Deflation at the factory gate. China’s factory-gate prices remain in negative territory year on year, reflecting slack domestic demand and excess capacity. That weakness transmits abroad via cheaper exports, squeezing margins for manufacturers elsewhere and complicating central banks’ inflation-fighting calculus. Beijing has rolled out an “anti-involution” campaign to curb ruinous discounting and steer investment toward “high-quality growth,” but implementation is uneven and local governments still depend on industrial output to stabilize employment.
Scale, speed—and logistics. Chinese champions are not only cutting prices; they are redesigning logistics to keep them low. One leading EV maker has built its own fleet of car carriers and is localizing production via overseas factories to sidestep tariffs and port bottlenecks.
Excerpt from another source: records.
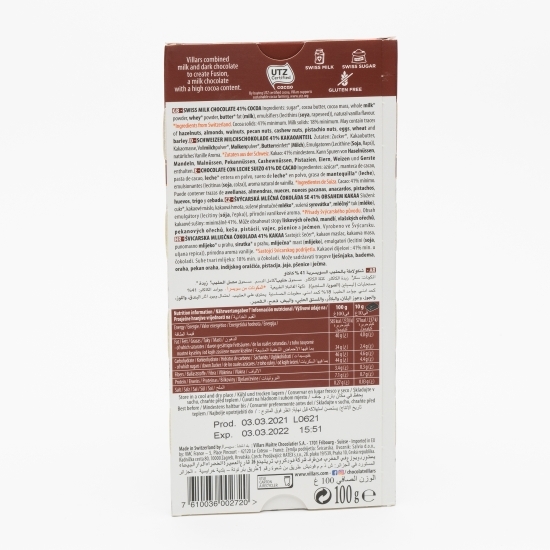 Ciocolată neagră cu lapte 100g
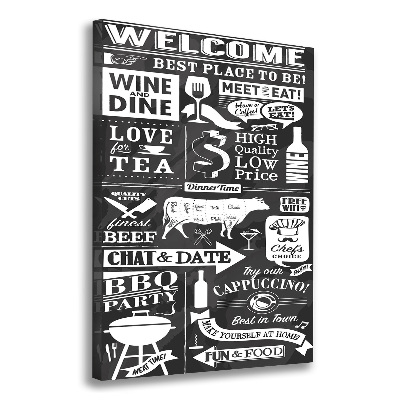 Quadro su tela canvas verticale Ristorante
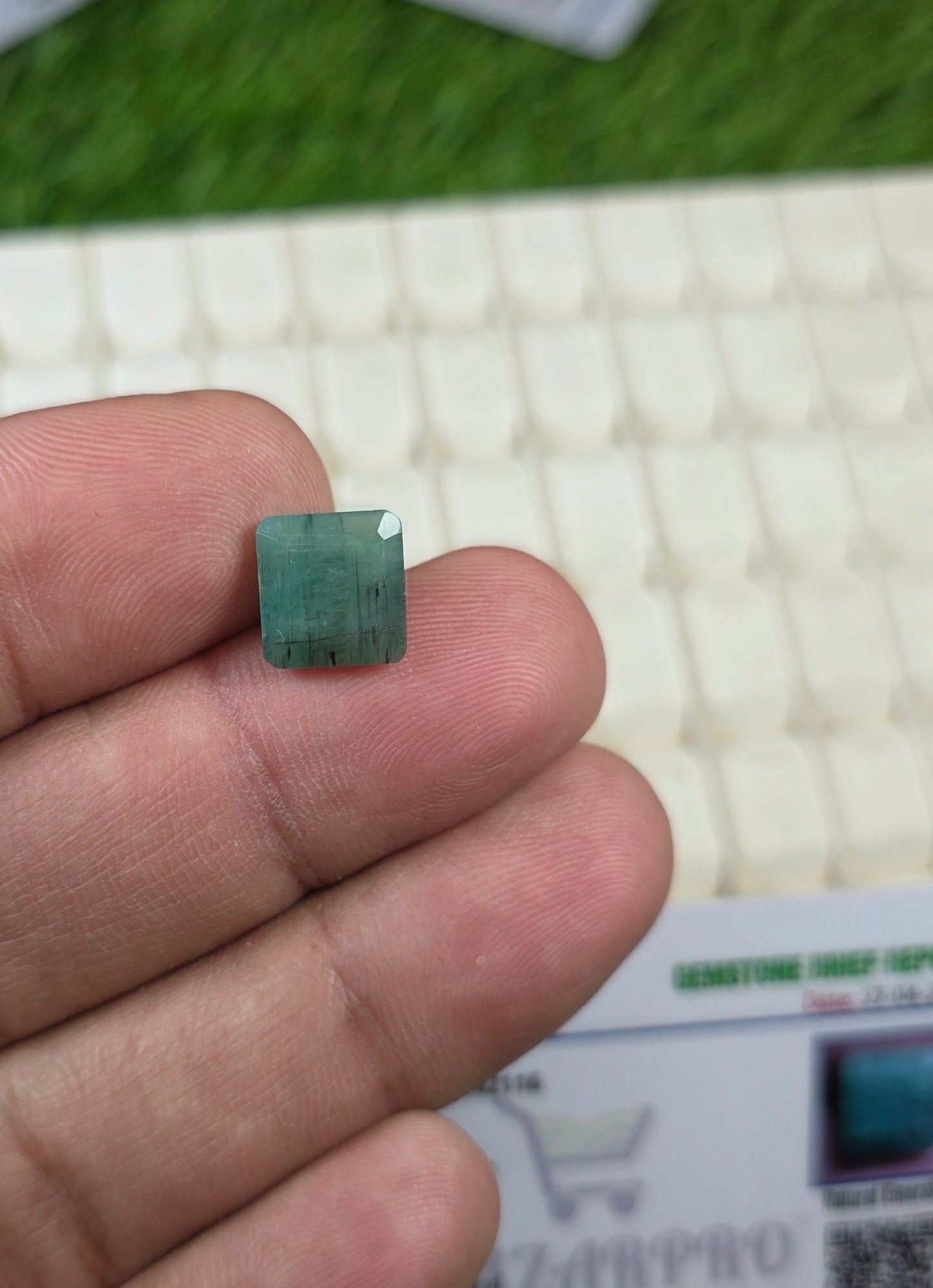 Premium Quality Zambia Zamurd With Lab Certificate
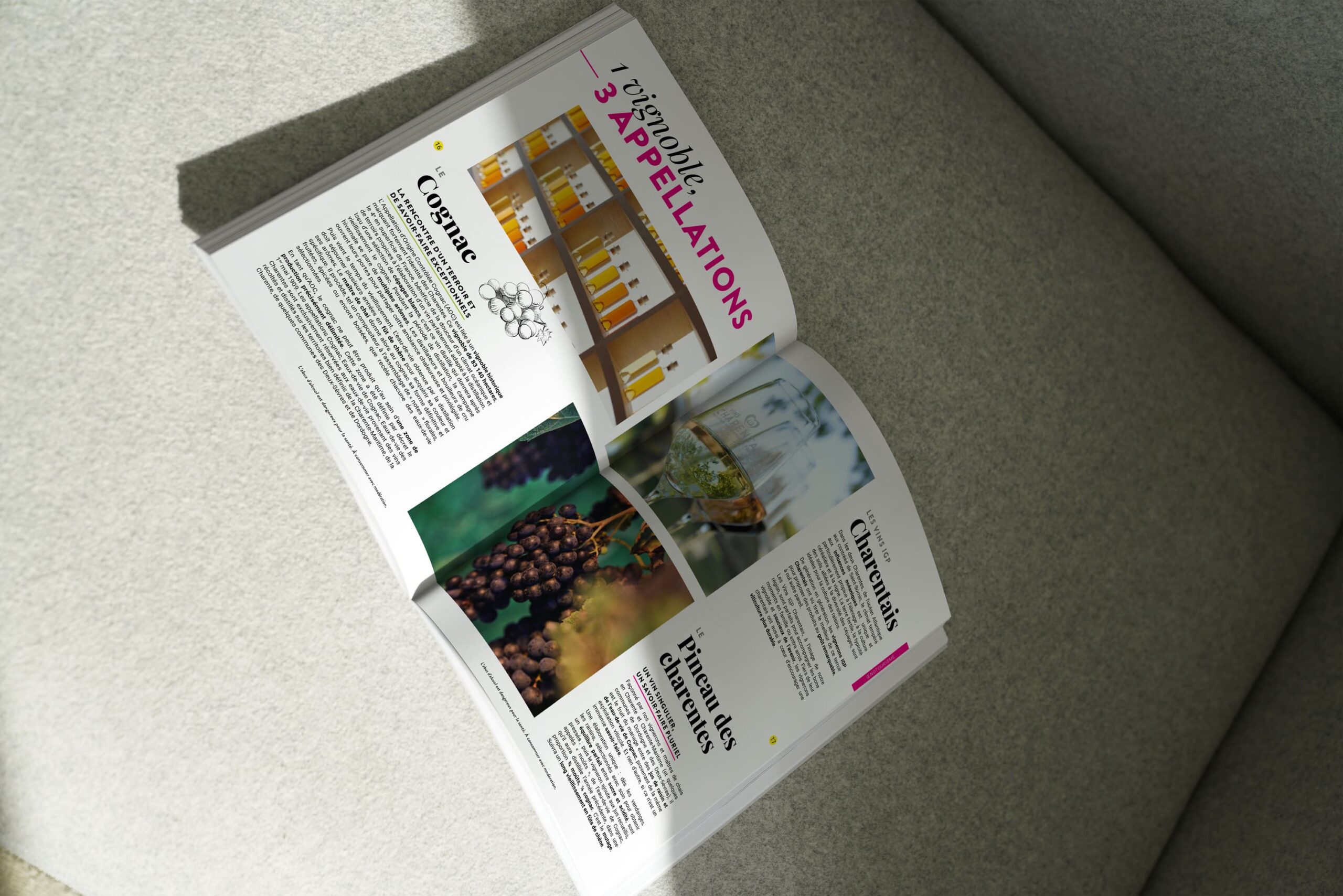 conception magazine touristique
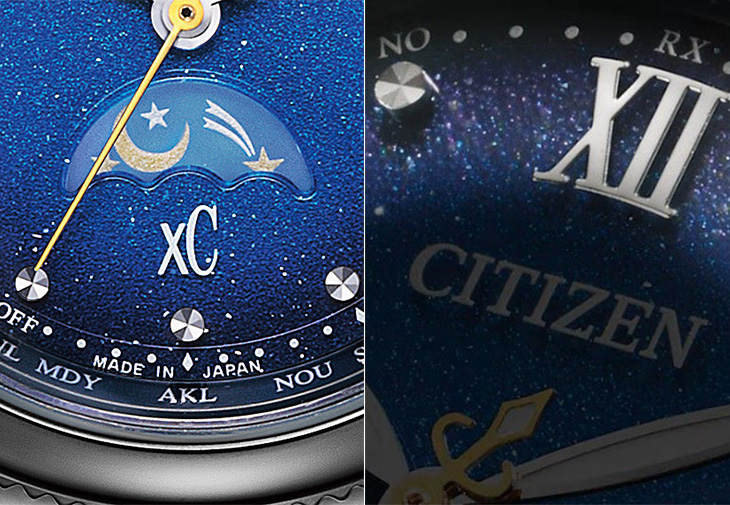 CITIZEN光動能全球電波對時錶「夜川月」限定款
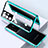 Luxury Aluminum Metal Frame Mirror Cover Case 360 Degrees M03 for Samsung Galaxy S23 Ultra 5G
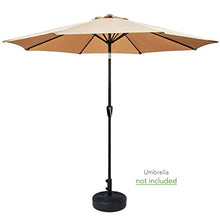 VONLUCE Base per Ombrellone Pesi per Ombrellone da 45.5 cm Supporto in Plastica per Ombrelloni da 17 Litri di Acqua o Sabbia per Mobili da Giardino e Patio Esterno, Portaombrelli da Giardino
Such vertical integration magnifies the advantage from sprawling domestic supply chains in batteries, motors and power electronics.
What this means for Western competitors. The immediate effect is a margin squeeze across autos, solar and adjacent sectors. The strategic response taking shape in Europe and the U.S. is three-pronged: (1) trade defense to buy time; (2) industrial policy to catalyze domestic gigafactories and clean-tech manufacturing; and (3) consolidation to rebuild pricing power. Companies that cannot match China’s cost curve will need to differentiate—through software, design, brand and service—or partner to gain scale. Even in China, the current “profitless prosperity” looks unsustainable: consolidation is inevitable, and state guidance now favors capacity rationalization over raw volume.
The bottom line. China’s price-first strategy is remaking global competition. Whether others can keep up will hinge on how quickly they can de-risk supply chains, compress costs and innovate without hollowing out profitability. For now, the contest is being fought as much on balance sheets as it is on assembly lines.